__What you should do__.
Search the data for the string "with", and report each line where it is found.

__Brief descriptive captions__.
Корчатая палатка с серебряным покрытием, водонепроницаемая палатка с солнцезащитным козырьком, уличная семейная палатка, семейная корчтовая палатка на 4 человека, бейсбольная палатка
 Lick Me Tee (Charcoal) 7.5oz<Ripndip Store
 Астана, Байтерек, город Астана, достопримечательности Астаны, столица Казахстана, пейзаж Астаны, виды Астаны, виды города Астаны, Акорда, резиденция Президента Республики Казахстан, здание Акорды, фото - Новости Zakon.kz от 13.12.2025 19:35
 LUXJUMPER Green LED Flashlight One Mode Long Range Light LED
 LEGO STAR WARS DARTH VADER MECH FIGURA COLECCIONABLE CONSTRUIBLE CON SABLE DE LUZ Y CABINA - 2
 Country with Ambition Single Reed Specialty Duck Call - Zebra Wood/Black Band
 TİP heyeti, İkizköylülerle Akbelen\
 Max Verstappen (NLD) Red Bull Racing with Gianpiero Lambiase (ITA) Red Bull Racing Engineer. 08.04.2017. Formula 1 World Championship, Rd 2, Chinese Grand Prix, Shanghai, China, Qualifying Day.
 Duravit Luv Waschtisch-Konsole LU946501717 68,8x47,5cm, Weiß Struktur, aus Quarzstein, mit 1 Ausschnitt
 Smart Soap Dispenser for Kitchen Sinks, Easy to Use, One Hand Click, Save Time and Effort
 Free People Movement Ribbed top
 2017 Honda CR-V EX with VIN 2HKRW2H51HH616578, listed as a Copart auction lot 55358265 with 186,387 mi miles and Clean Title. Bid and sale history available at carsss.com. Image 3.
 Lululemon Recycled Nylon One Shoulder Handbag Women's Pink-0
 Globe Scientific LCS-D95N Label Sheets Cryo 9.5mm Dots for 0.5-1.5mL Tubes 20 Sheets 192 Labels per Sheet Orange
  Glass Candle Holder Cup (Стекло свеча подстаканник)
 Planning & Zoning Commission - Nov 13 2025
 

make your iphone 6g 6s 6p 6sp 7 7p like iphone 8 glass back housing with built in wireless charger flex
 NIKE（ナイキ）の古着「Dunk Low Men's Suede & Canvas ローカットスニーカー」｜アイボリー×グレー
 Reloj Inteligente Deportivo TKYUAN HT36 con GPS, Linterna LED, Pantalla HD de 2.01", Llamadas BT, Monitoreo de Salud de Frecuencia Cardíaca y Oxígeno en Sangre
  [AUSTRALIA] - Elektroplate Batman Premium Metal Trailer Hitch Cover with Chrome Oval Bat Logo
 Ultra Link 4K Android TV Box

__Reply__.
 Country with Ambition Single Reed Specialty Duck Call - Zebra Wood/Black Band
 Max Verstappen (NLD) Red Bull Racing with Gianpiero Lambiase (ITA) Red Bull Racing Engineer. 08.04.2017. Formula 1 World Championship, Rd 2, Chinese Grand Prix, Shanghai, China, Qualifying Day.
 2017 Honda CR-V EX with VIN 2HKRW2H51HH616578, listed as a Copart auction lot 55358265 with 186,387 mi miles and Clean Title. Bid and sale history available at carsss.com. Image 3.
make your iphone 6g 6s 6p 6sp 7 7p like iphone 8 glass back housing with built in wireless charger flex
  [AUSTRALIA] - Elektroplate Batman Premium Metal Trailer Hitch Cover with Chrome Oval Bat Logo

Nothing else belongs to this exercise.